WHAT THE EXERCISE ASKS
Exactly as they stand, copy the lines from the one containing "Super Townhouse SR" to the final line of the data; leave out the pictures.

### DATA EXCERPT ###

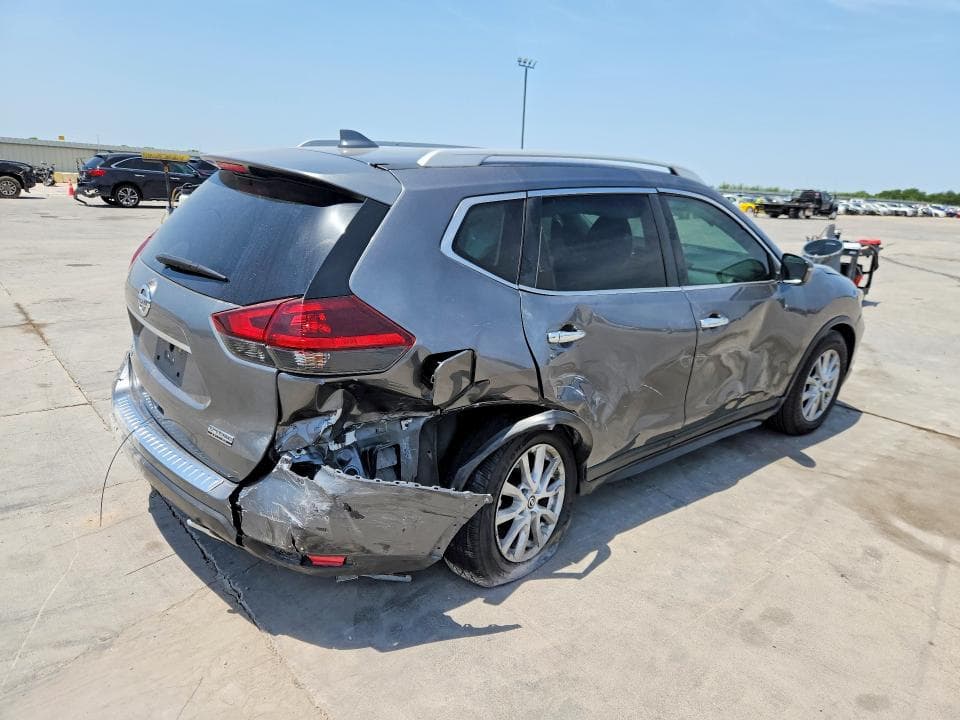2019 NISSAN ROGUE S 3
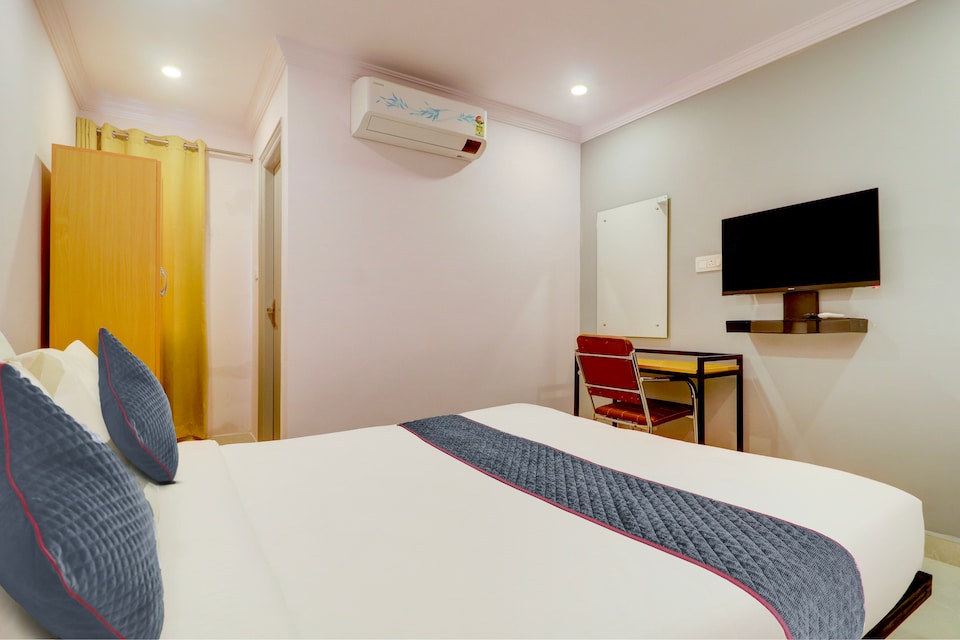 Super Townhouse SR Nagar Near RCC Premier, Ameerpet, Hyderabad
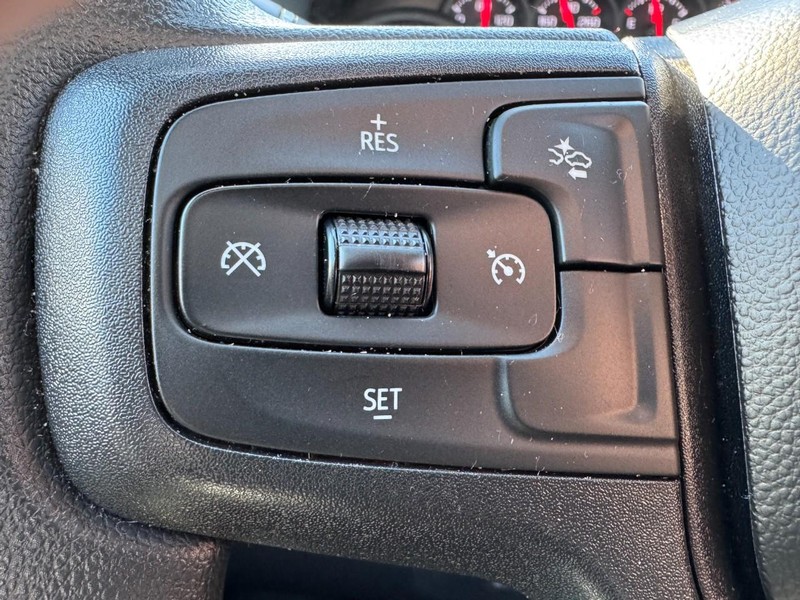 Chevrolet Silverado 1500 Vehicle Image 17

###

WRITTEN RESPONSE
 Super Townhouse SR Nagar Near RCC Premier, Ameerpet, Hyderabad
 Chevrolet Silverado 1500 Vehicle Image 17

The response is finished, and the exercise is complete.